Atas saran seorang ahli terapi, relaksasi pernapasan 15 menit sebelum tidur dengan pokus pada tarikan nafas yang ditarik dan dikeluarkan secara perlahan membantu mengurangi rasa cemas saya secara bertahap dan berkelanjutan.
3. Menghadapi Ketakutan Secara Bertahap: Saya belajar bahwa menghindari situasi yang membuat saya cemas hanya memperparah kondisi tersebut. Maka, saya mencoba menghadapi ketakutan saya secara bertahap.Â
Mulai dari lingkungan yang lebih kecil dengan sedikit orang, saya secara perlahan-lahan membiasakan diri untuk berada di sekitar orang banyak tanpa merasa cemas yang berlebihan. Ini disebut desensitisasi bertahap, dan itu membantu saya mengurangi kecemasan secara perlahan-lahan.
4. Dukungan dari Orang Terdekat: Meskipun kecemasan membuat saya ingin mengisolasi diri, saya belajar bahwa dukungan dari orang-orang terdekat adalah salah satu kunci penting untuk menghadapinya. Berterus terang pada Pasangan dan Anak untuk memahami kondisi saya adalah sumber kekuatan besar saat kecemasan menyerang. Mereka membantu saya merasa bahwa saya tidak sendirian dalam menghadapi kondisi ini.

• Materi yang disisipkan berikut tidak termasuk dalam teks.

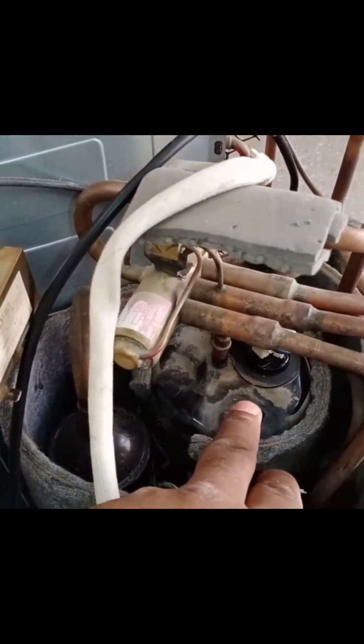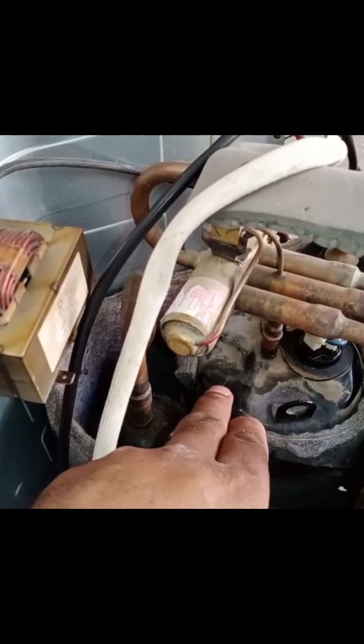In such a case, it's essential to test the compressor to ensure its windings are not damaged. This test provides a clear idea of where the fault lies.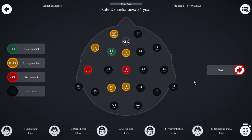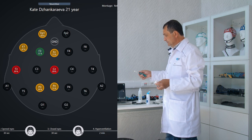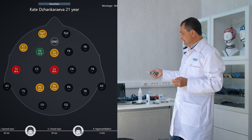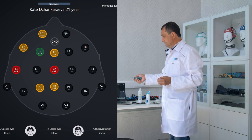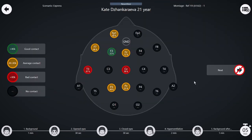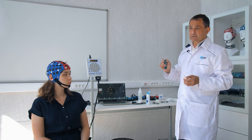In the impedance software module, we observe a schematic image of the head and the positions of the electrodes. Impedance levels are encoded with a specific color: green represents good impedance, yellow indicates satisfactory impedance, and red is a level that is too high. You need to achieve the levels encoded in green. The software of any manufacturer enables you to programmatically set these levels.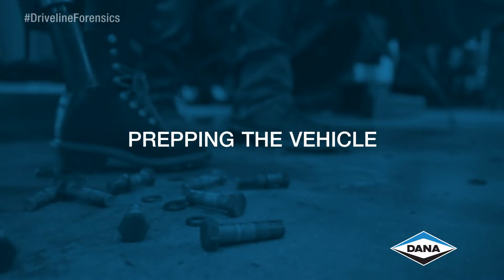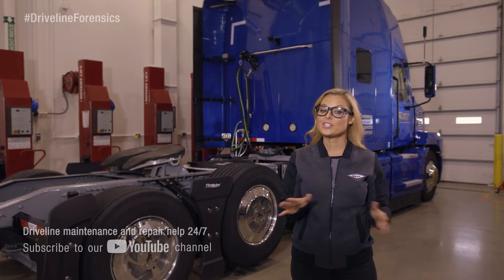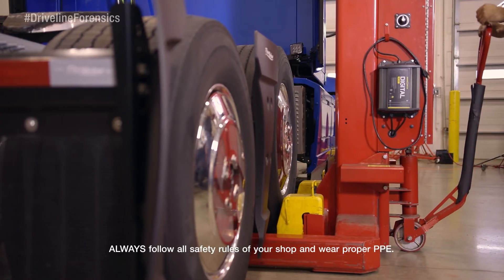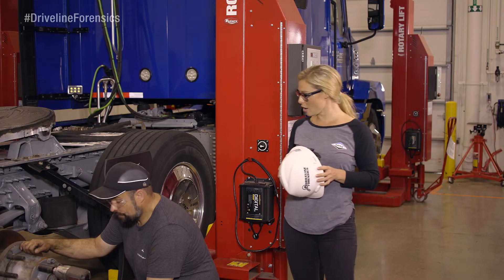To prep the vehicle, Marty and I put it where we'd have a good amount of space to pull everything out. Then we disconnected the battery, set the brakes, chocked the wheels, dropped the suspension, lifted the truck, and put weight-rated jack stands under the frame.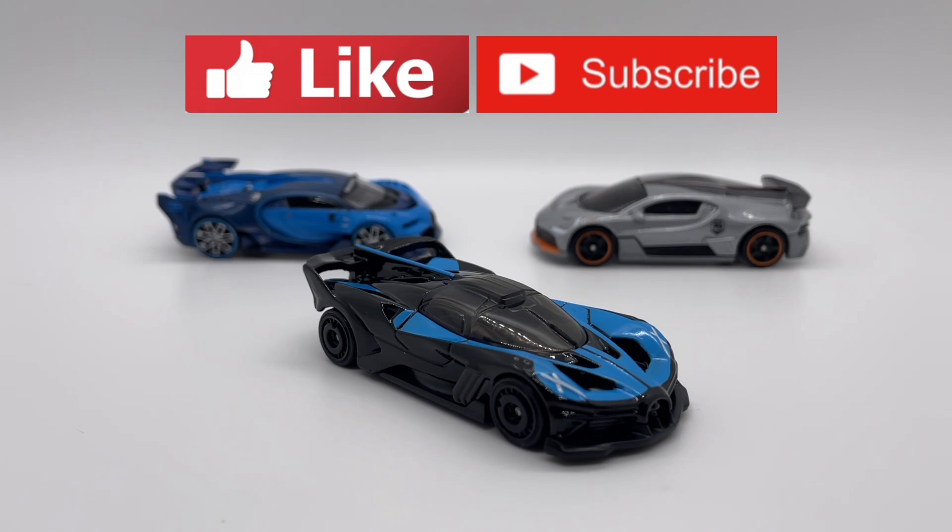Alright guys, that is going to wrap up this review. I hope you enjoyed it — if you did make sure you hit the like button, leave a comment telling me your thoughts on this particular model and release, make sure you subscribe so you don't miss out on any future videos, and I will see you in the next video.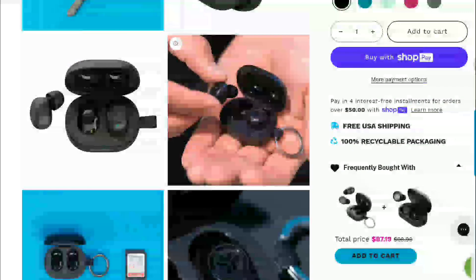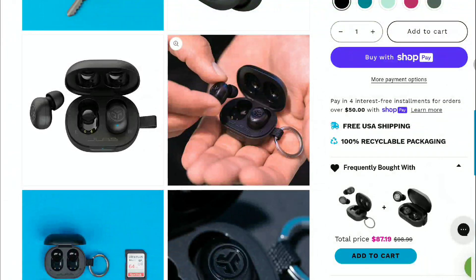The earbuds will take around an hour and a half to fully charge. It doesn't take too long to get them paired properly with your device. There are touch controls on the earbuds that allow you to pause and resume audio, answer calls, and activate awareness settings.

5. Terapi Kognitif Perilaku (CBT): Saya juga mengikuti Terapi Kognitif Perilaku (CBT) untuk membantu mengatasi kecemasan sosial saya. CBT membantu saya mengidentifikasi pola pikir negatif yang memperkuat rasa takut akan penilaian orang lain, dan membantu saya melatih cara menghadapi situasi sosial tanpa menghindar atau melarikan diri.
Kesimpulan: Belajar Berdamai dengan Kecemasan
Kecemasan sosial adalah kondisi yang berat dan bisa melelahkan secara emosional, tetapi bukan sesuatu yang tidak bisa diatasi. Saya belajar bahwa mencari tempat sunyi saat kecemasan muncul memang memberikan rasa aman sementara, tetapi solusi jangka panjang terletak pada kemampuan menghadapi ketakutan saya secara bertahap dan dengan dukungan yang tepat.

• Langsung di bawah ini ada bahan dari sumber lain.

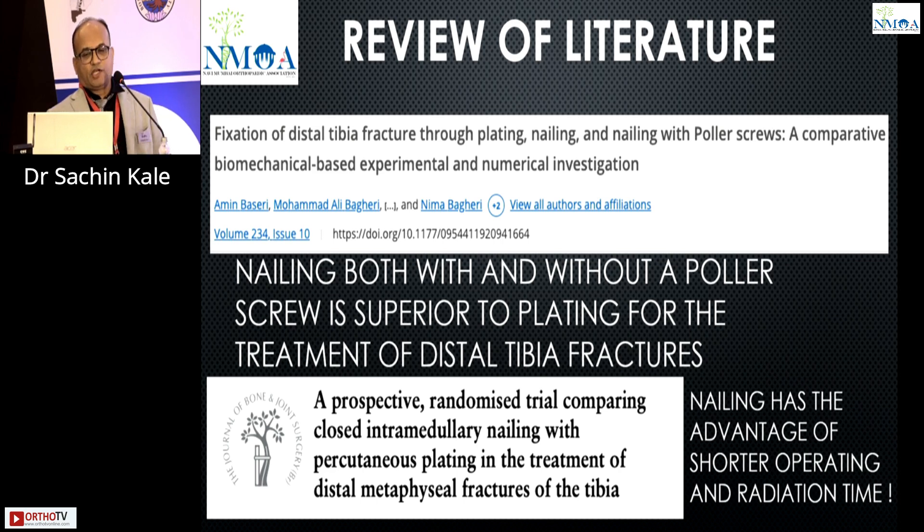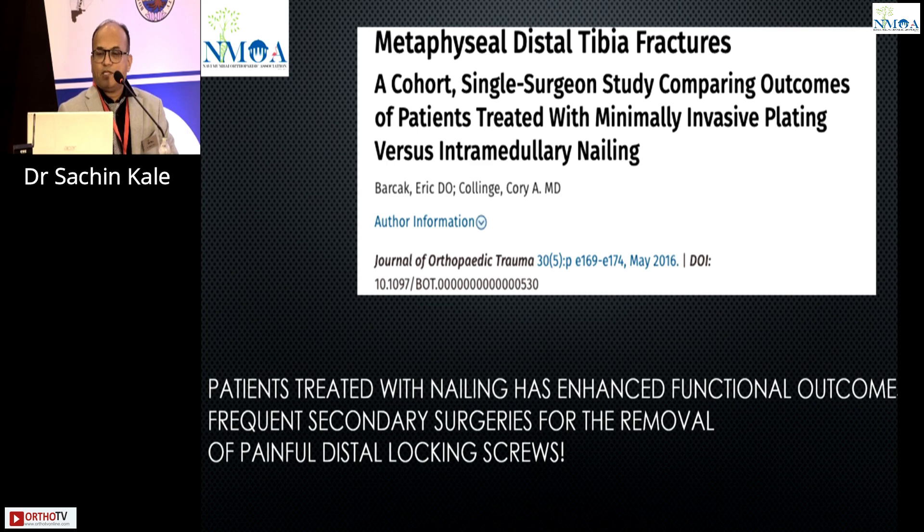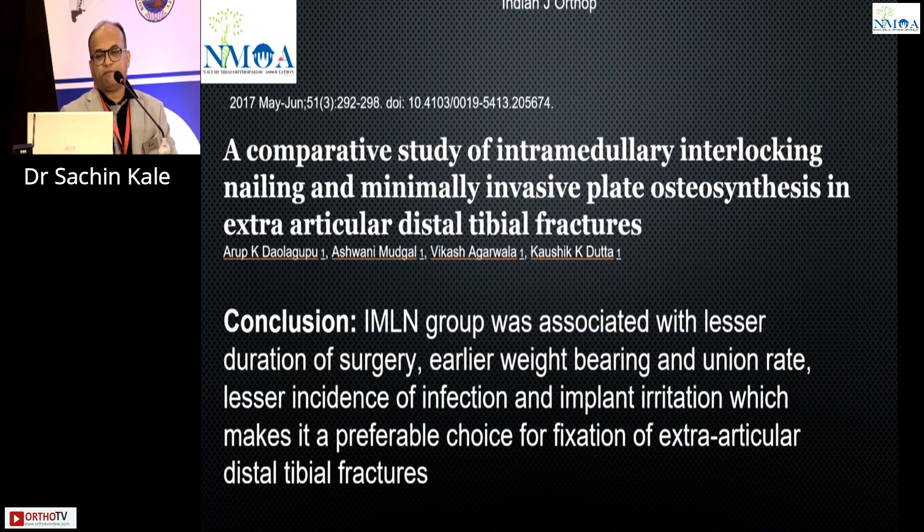Reviewing the literature: both nailing with and without polar screw have been reported, but nailing with polar screw has better results. A JBJS article shows nailing has advantages over plating in terms of shorter operative duration and lesser radiation time. Another study shows good results with nailing and functional outcomes. A disadvantage is that the distal bolt becomes quite prominent just below the subcutaneous tissue and removal is sometimes mandatory. Intramedullary nailing is predominantly preferred with bad skin conditions.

Jika kita atau seseorang yang kita kenal menghadapi kecemasan sosial atau gangguan kecemasan lainnya, ketahuilah bahwa kita tidak sendirian. Dukungan dari orang-orang terdekat, serta bantuan profesional dari terapis atau psikiater, bisa sangat membantu. Kecemasan bukanlah tanda kelemahan, itu adalah respons alami tubuh yang bisa kita pelajari untuk kelola.
Catatan untuk Pemirsa: Saya bukan ahli kesehatan jiwa, psikolog, apalagi psikiater, tulisan ini adalah sebuah refleksi pribadi dari pengalaman saya dengan gangguan kecemasan. Setiap orang mungkin memiliki cara yang berbeda dalam menghadapi kecemasan, dan penting untuk mendapatkan dukungan yang tepat sesuai dengan kebutuhan masing-masing. Jangan ragu untuk mencari bantuan profesional jika diperlukan.